## ACTIVITY
All records below are to be transcribed exactly, with every picture left out.

:: RECORDED INFORMATION ::

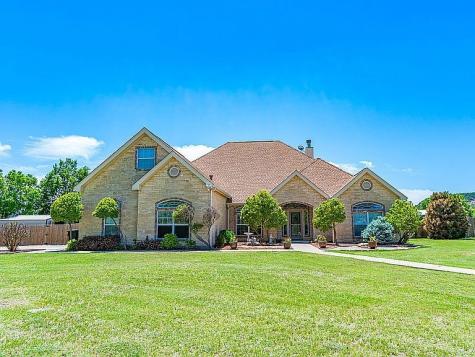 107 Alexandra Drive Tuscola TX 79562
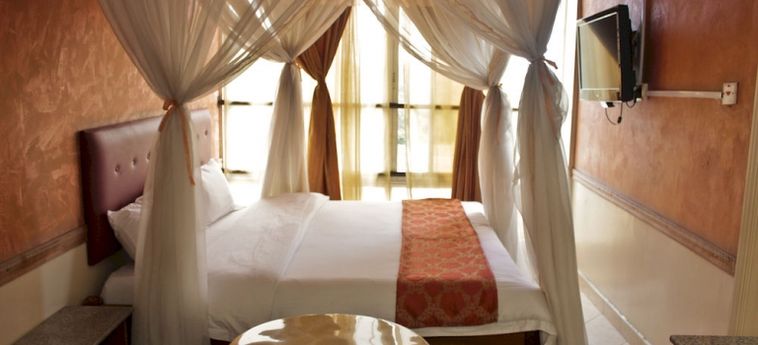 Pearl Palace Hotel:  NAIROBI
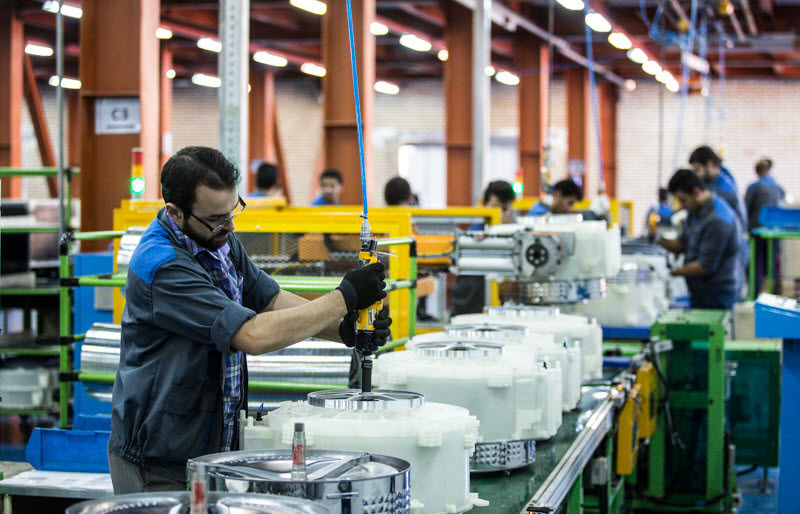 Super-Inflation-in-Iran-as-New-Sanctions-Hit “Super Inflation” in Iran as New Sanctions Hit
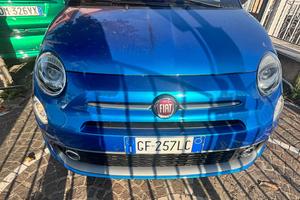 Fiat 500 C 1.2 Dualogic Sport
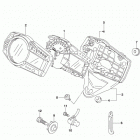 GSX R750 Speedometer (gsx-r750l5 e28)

:::

## ANSWER TO THE EXERCISE
 107 Alexandra Drive Tuscola TX 79562
 Pearl Palace Hotel:  NAIROBI
 Super-Inflation-in-Iran-as-New-Sanctions-Hit “Super Inflation” in Iran as New Sanctions Hit
 Fiat 500 C 1.2 Dualogic Sport
 GSX R750 Speedometer (gsx-r750l5 e28)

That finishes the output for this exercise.